Questa è una delle conseguenze applicative generate dalla struttura normativa del concordato preventivo biennale (Cpb), strumento disciplinato ed introdotto dal dlgs 13/2024, che fissa all’articolo 9 il termine perentorio del 30 settembre per manifestare la volontà di adesione all’istituto non stabilendo alcun tipo di modalità di revoca una volta oltrepassata tale scadenza.

Prigionieri del patto col fisco. Va preliminarmente evidenziato che il citato articolo 9 al comma 3 stabilisce che il contribuente può aderire alla proposta di concordato entro il 30 settembre, ovvero entro l’ultimo giorno del nono mese successivo a quello di chiusura del periodo d’imposta per i soggetti con periodo d’imposta non coincidente con l’anno solare.

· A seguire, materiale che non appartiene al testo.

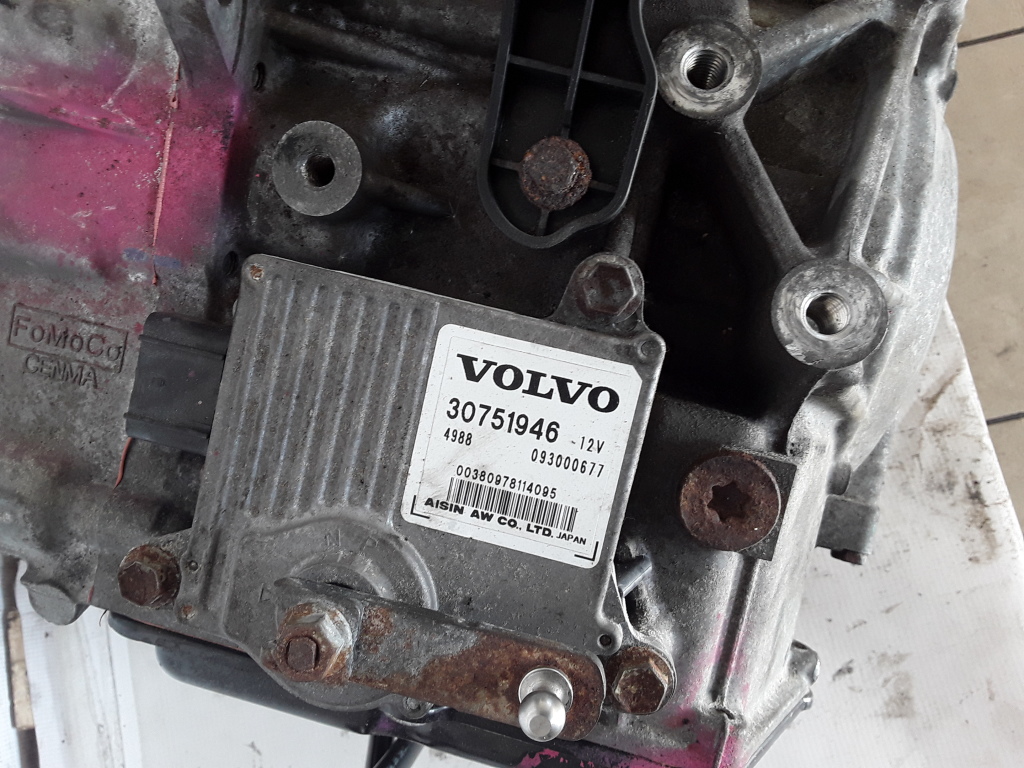 VOLVO XC70 2 generation (2000-2007) Gearbox TF80SC 21083270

Per la prima volta, con le adesioni per il biennio 2025-2026, è stata formalizzata la possibilità di revocare l’opzione, esercitata sempre a patto che tale procedimento venga esplicitato nei termini stabiliti l’adesione.

Per le adesioni al precedente biennio (o all’annualità per i forfettari) come indicato nella risposta a interpello della Direzione Generale dell’agenzia delle entrate del Friuli n 908/62 di maggio 2025, la revoca al Cpb poteva unicamente essere esercitata tramite invio di una correttiva nei termini dell’adesione senza più esposta la volontà di aderire al patto nel modello.

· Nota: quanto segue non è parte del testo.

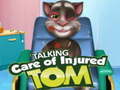 Xogo Talking Tom care Injured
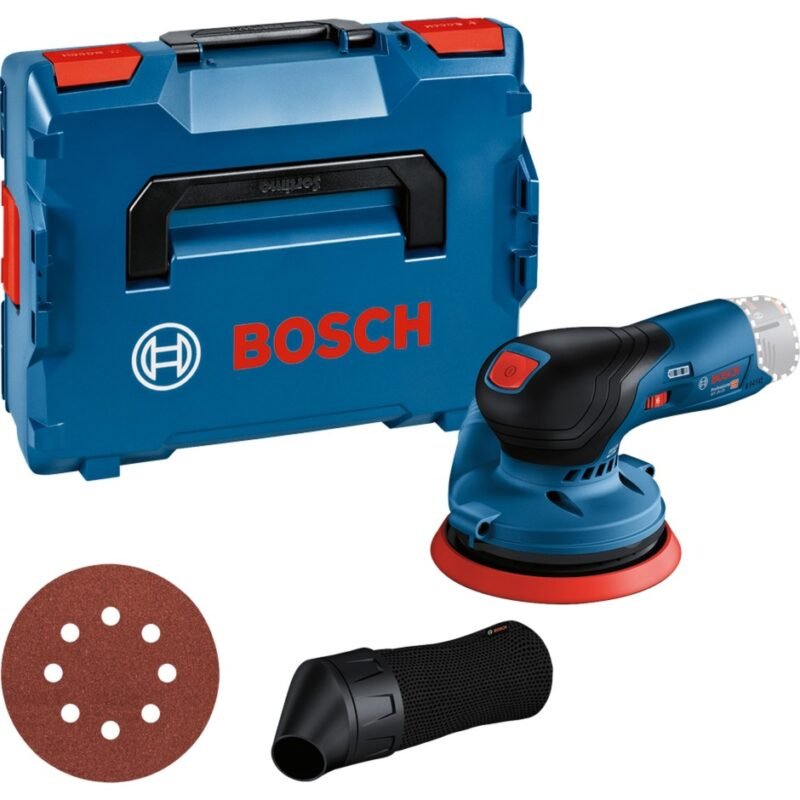 Bosch Akku-Exzenterschleifer GEX 12V-125 Professional solo Azul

Con la pubblicazione dei provvedimenti n.172928/2025 e 195422/2025 l’Agenzia delle Entrate ha previsto invece la possibilità di “annullare” l’opzione per il concordato preventivo biennale attraverso uno specifico meccanismo di revoca.

Nel provvedimento n. 195422/2025 citato infatti è stato stabilito che la revoca è effettuabile trasmettendo il modello Cpb in forma autonoma per via telematica congiuntamente al frontespizio dei modelli redditi nei termini dell’adesione.

Nel frontespizio dei modelli redditi deve essere indicato il codice 2 – “Revoca” nella casella “Comunicazione CPB” e devono essere compilati i campi “Codice ISA”, “Codice attività” e “Tipologia di reddito (1 = impresa; 2 = lavoro autonomo)” del modello Cpb 2025/2026.

In ogni caso dunque la possibilità di annullamento del patto viene concessa solo se manifestata nei termini per l’adesione per cui, chi dovesse ora accorgersi di aver opzionato l’accordo involontariamente, ha pochissime possibilità di “fuoriuscita” dall’accordo.

L’unica strada percorribile resta quella del dialogo con l’agenzia delle entrate, inviando in primis una specifica istanza, il prima possibile, evidenziando l’accadimento, rilevando l’erronea volontà di adesione e chiedendo quindi la revoca del Cpb.

Diventa complesso però dimostrare l’errore in fase di adesione, anche qualora non vi sia una convenienza economica nell’applicazione dello strumento, dato che l’adesione da accesso ad un regime premiale (quello Isa) e ad una copertura, sebbene parziale, dagli accertamenti, il cui “vantaggio” va ben oltre dai meri accadimenti economici e dal potenziale risparmio/aggravio fiscale.

Per rafforzare la propria posizione si ritiene possibile eventualmente accompagnare l’istanza all’agenzia delle entrate anche dall’invio di una dichiarazione integrativa (se possibile) in cui si trasmette un nuovo modello privo dell’opzione al patto col fisco.

In ogni caso la strada per la revoca post 30 settembre risulta in salita anche perché qualora venga avallata presterebbe il fianco a tentativi di fuga dal concordato per mancata convenienza economica.